Sembrerebbe, apparentemente, una buona notizia quella che vede la disarticolazione di un sistema di relazioni perniciose ed illegali che alterano il mercato interno brasiliano, ma se gli elementi probatori nel caso di Lula latitano, le conseguenze di questa operazione presentano invece un quadro certo: il ritorno d’interessi straordinari per i soliti noti.

Il sostanziale blocco operativo della Petrobras, ad esempio, permette ora alla Chevron di rientrare in gioco nel mercato brasiliano della estrazione e distribuzione del greggio (uno dei maggiori al mondo). Il blocco ventennale della spesa pubblica permette alla JP Morgan di rimettere le unghie nella privatizzazione delle pensioni voluta dal Presidente Temer. Temer infatti (tra i personaggi più corrotti del paese) ex alleato di governo di Dijlma Roussef, organizzò il golpe parlamentare che la depose e che ha dato il via - in alcuni casi senza nemmeno la legittimità parlamentare -  ad alcune “riforme” ispirate dalle multinazionali statunitensi.
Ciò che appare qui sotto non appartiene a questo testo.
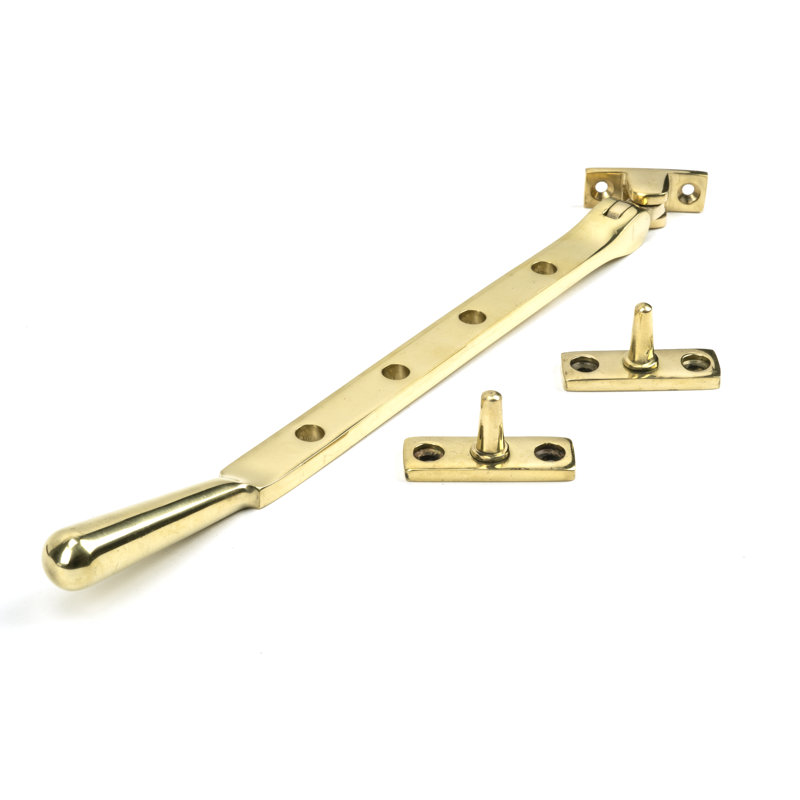 Newbury Stay Door Accessory, Polished Brass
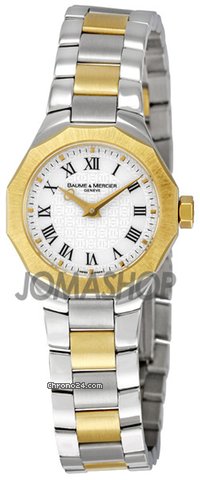 Baume & Mercier and  Riviera 18kt Gold Two-Tone Mini Ladies Watch 8524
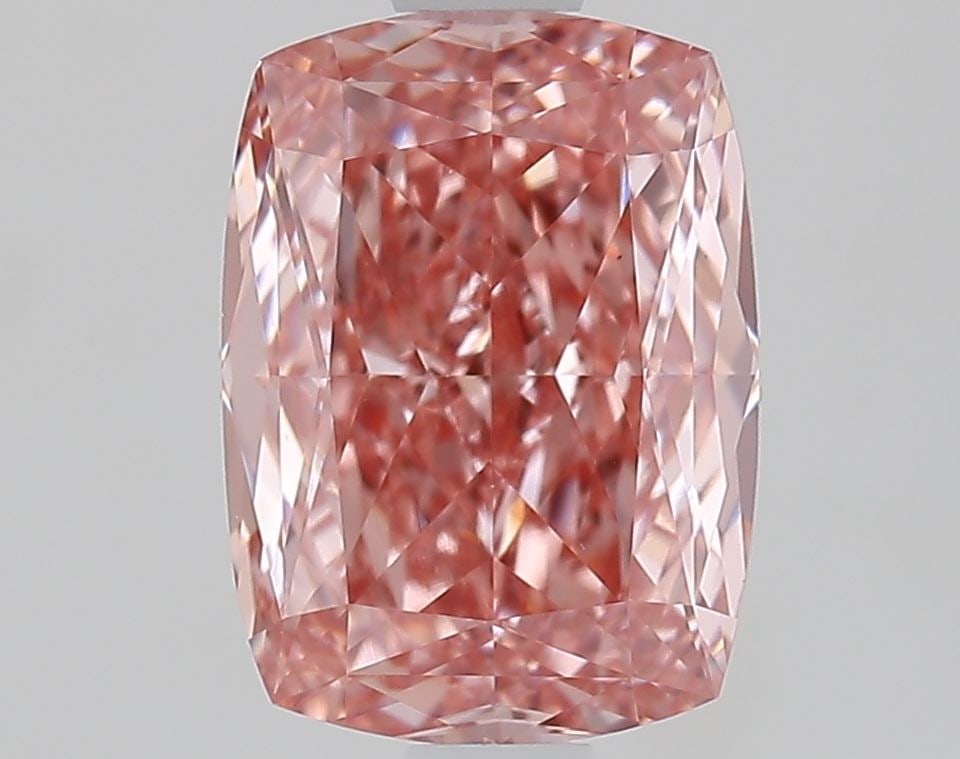 Loose Lab Diamond IGI Cushion Modified 1.61ct Fancy Vivid Pink VS1: Loose Lab Diamond IGI Cushion Modified 1.61ct Fancy Vivid Pink VS1 Loose Lab Diamond IGI Cushion Modified, 1.61ct, Fancy Vivid Pink, VS1 clarity with excellent polish and symmetry. Certified by IGI, i
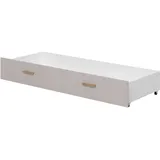Home Affaire Bettschubkasten HOME AFFAIRE "Belfort Schublade für Stauraum unter dem Bett", weiß (cashmere), B:159,5cm H:22,5cm T:61,5cm, Hartfaserplatte, Spanplatte, Schubladen, Bettschubkasten, Zubehör für Belfort Betten 160x200cm, auf Rollen, FSC-zertifiziert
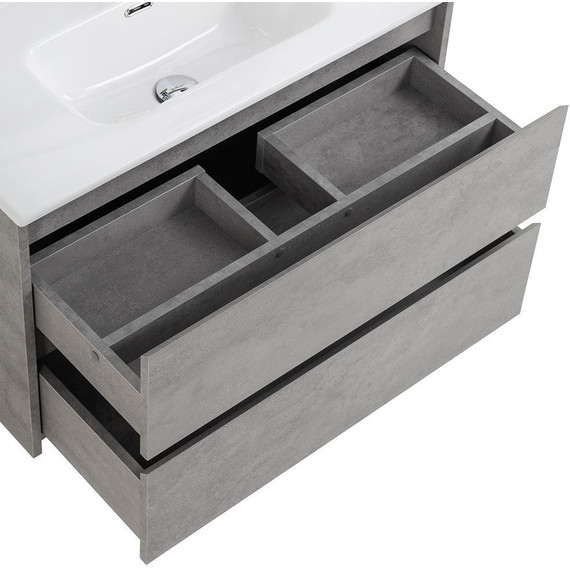 Тумба подвесная с раковиной BelBagno KRAFT 39-800/390-2C-SO-CG 80 см, Cemento Grigio фото 8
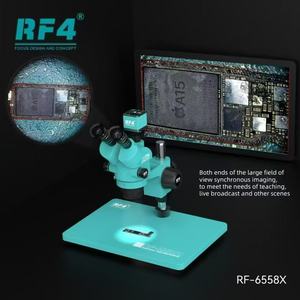 Rf4 RF-6558X triocular kính hiển vi <span class=keywords><strong>Stereo</strong></span> với góc nhìn lớn và độ phóng đại cho điện thoại di động sửa chữa - Product Image 4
Tra queste quella del lavoro, che prevede, tanto per dire, la durata della giornata lavorativa portata da 8 a 12 ore! Allo stesso tempo,  con la scusa della stabilità dei conti, viene stabilito il blocco della spesa pubblica per venti anni su sanità, istruzione, assistenza sociale e piani di sviluppo. Perché queste perle abbiano seguito si deve però spodestare il PT dal governo; impedire che la politica mantenga il controllo sulla gestione del paese è decisivo per il progetto delle multinazionali USA di invadere il Brasile con fondi speculativi multinazionali, destinati a depredare le sue immense risorse naturali e, attraverso la privatizzazione dei servizi, a realizzare quella liquidità di cui le multinazionali statunitensi hanno bisogno in un quadro internazionale recessivo.
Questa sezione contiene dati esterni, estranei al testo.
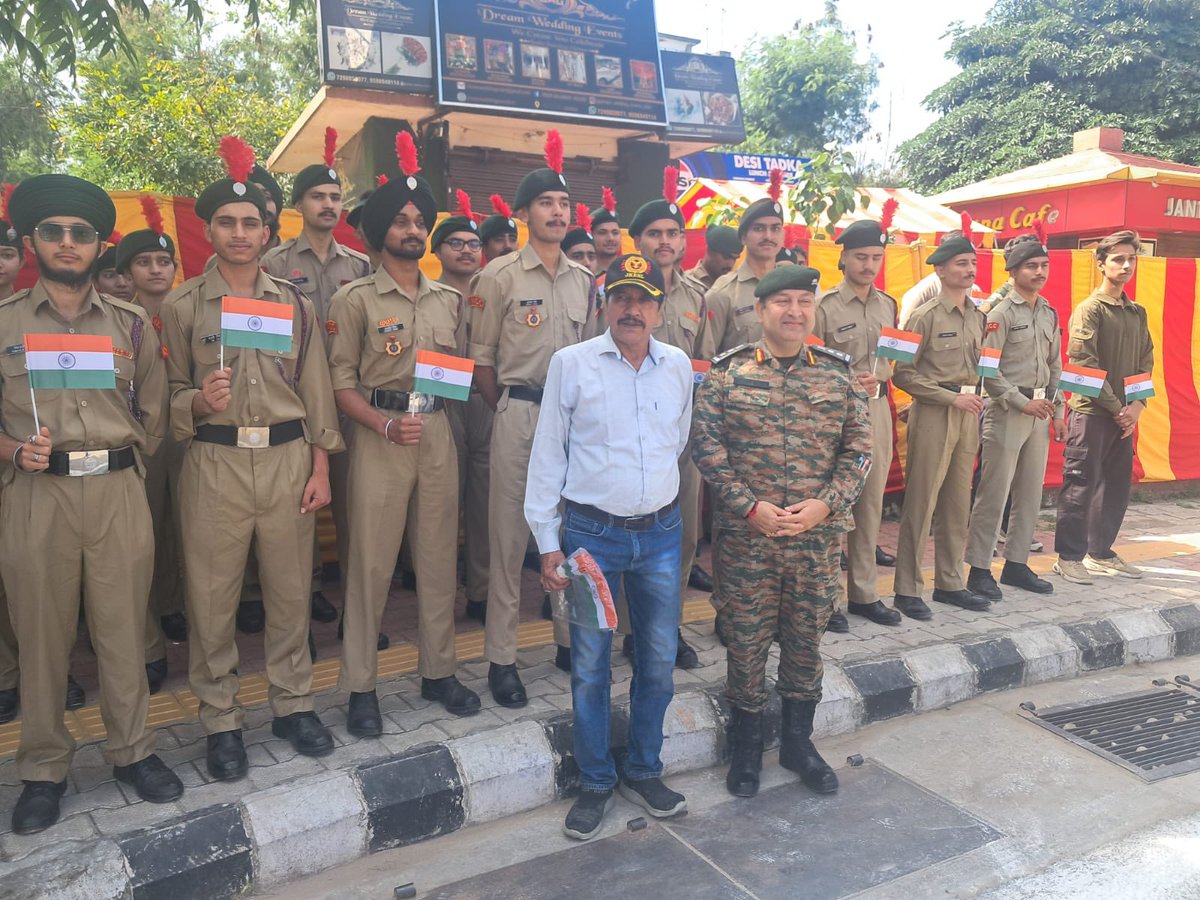 NCC GP HQS JAMMU tweet media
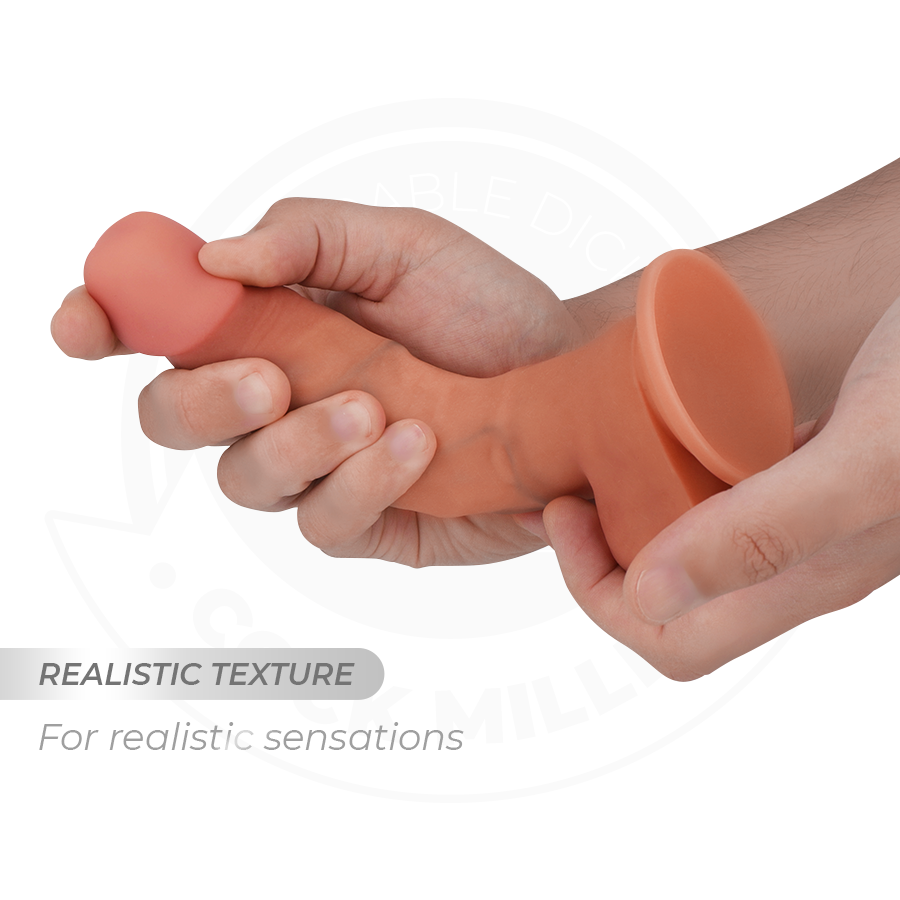 COCK MILLER - HYPERREALISTISCHE BEWEEGBARE DILDO 17,8 CM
Lula, e con lui il PT, rappresentano un ostacolo insormontabile ai progetti di conquista del Brasile ed è per questo che, pur senza prove, si tenta d’inibire il vecchio sindacalista e dirigente politico dalla ricandidatura. In questo senso la scelta di non procedere con l’esecuzione della sentenza, sospesa in attesa del secondo grado, è anche un modo per tenere sotto scacco l’ex presidente, che però gode dell’appoggio del suo partito e di tutta la sinistra latinoamericana.
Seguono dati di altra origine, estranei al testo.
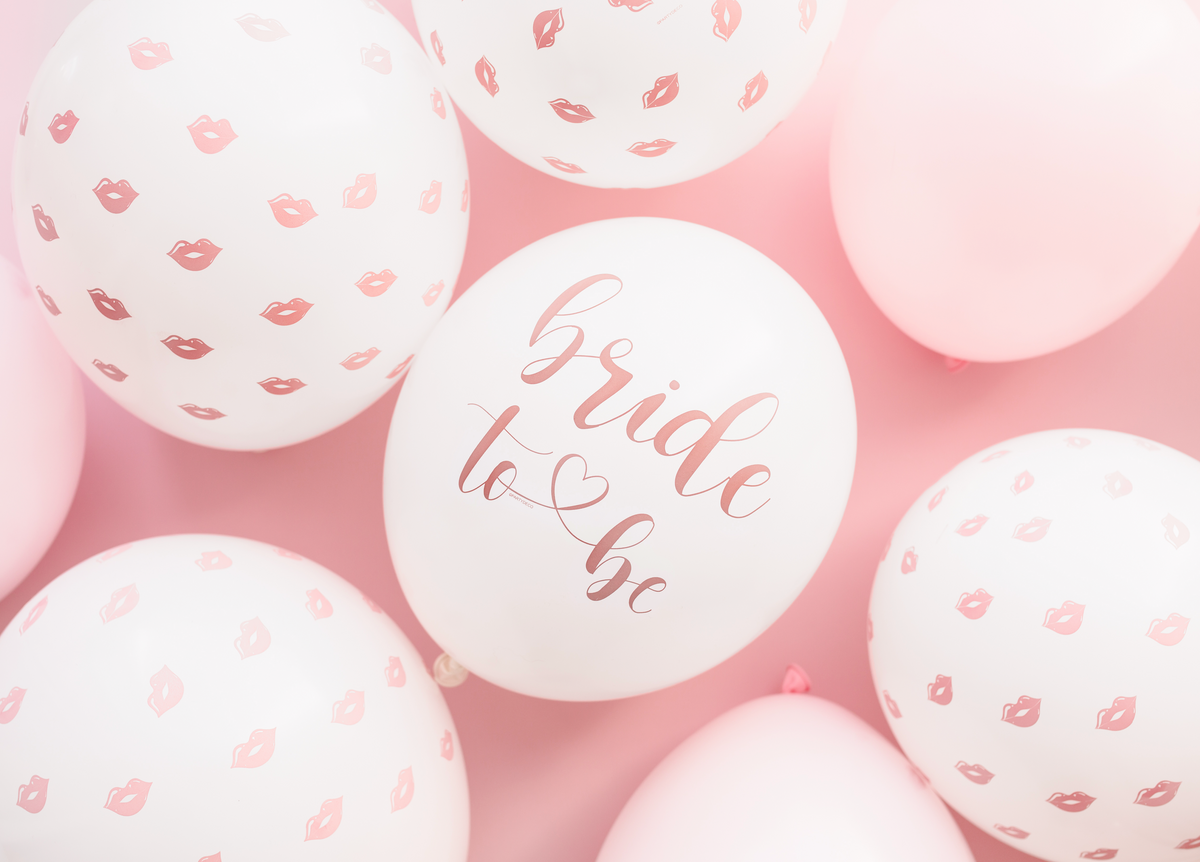 Bride to Be White Latex Balloons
Proprio ieri, anticipando di fatto la risoluzione del Foro di Sao Paulo (l’organismo che tiene insieme tutta la sinistra latinoamericana si troverà a Managua dal 16 al 19 luglio), il FSLN del Nicaragua, guidato dal Presidente Daniel Ortega, ha dichiarato ogni appoggio al leader del PT. Lula ha deciso di non restare a guardare e, con il sostegno del suo partito e di tutta la sinistra latinoamericana ha assicurato l’intenzione di dare battaglia per rovesciare il tavolo e riproporre la sua candidatura.

La quale, stando ai sondaggi indipendenti, vede il suo governo rimpianto da circa il 73% dell’elettorato brasiliano. Molti di più di quelli che metterebbero le mani sul fuoco sulla correttezza del giudice Moro.